Sunday, October 23, 2005

we talked about this during Orientation...

but: would you be willing to open up the blog to people who started teaching this semester at two other universities, Florida Atlantic and Kent State? Those graduate students have also been blogging about the new classes they are teaching), discussing similar issues and concerns about their particular students and the classes they are taking.

This would be a way to hear how different (and similar) teaching and course structures are at other schools. You would be able to hook up with others, to share with and learn from them. You'll know other people when you go to conferences (always a good thing) and have people from other schools with whom you can put together conference proposals (also always a very good thing; conference panel proposals that where all the panelists come from one school tend not to be as well regarded as panels with people from a mix of schools).
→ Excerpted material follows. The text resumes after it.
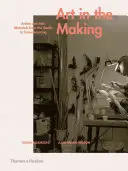 Művészet a készítésben: Művészek és anyagaik a műteremtől a crowdsourcingig - Art in the Making: Artists and Their Materials from the Studio to Crowdsourcing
This is a way to talk about how teacher communication helps with teaching. (Which could be the subject of a conference panel proposal, as could the use of blogging in starting to teach a new course.)

Opening up the blog this way should require no new additional writing, but some new reading, and perhaps some responding to others.

I think this would be a good thing all around -- but the decision has to be yours.

Please respond to the blog with what you think.

Many thanks....

Thursday, October 20, 2005

the carnival of teaching

a fine sampling of blog posts on the pleasures, distractions, and figurings-out of teaching.

Tuesday, October 11, 2005

no comment

"Economic growth is crucial to reducing poverty, but the effect of tax rates is less clear. In 1993, President Bill Clinton raised taxes on upper-income families, the economy boomed and poverty fell for the next seven years. In 2001, President Bush cut taxes deeply, but even with economic growth, the poverty rate has risen every year since.”
—Jason DeParle, "Liberal Hopes Ebb in Post-Storm Poverty Debate," New York Times, October 11, 2005

Monday, October 10, 2005

The cat...

is stretched out along my leg here in bed, and she is purring and warm, and it just might be time to sleep, finally.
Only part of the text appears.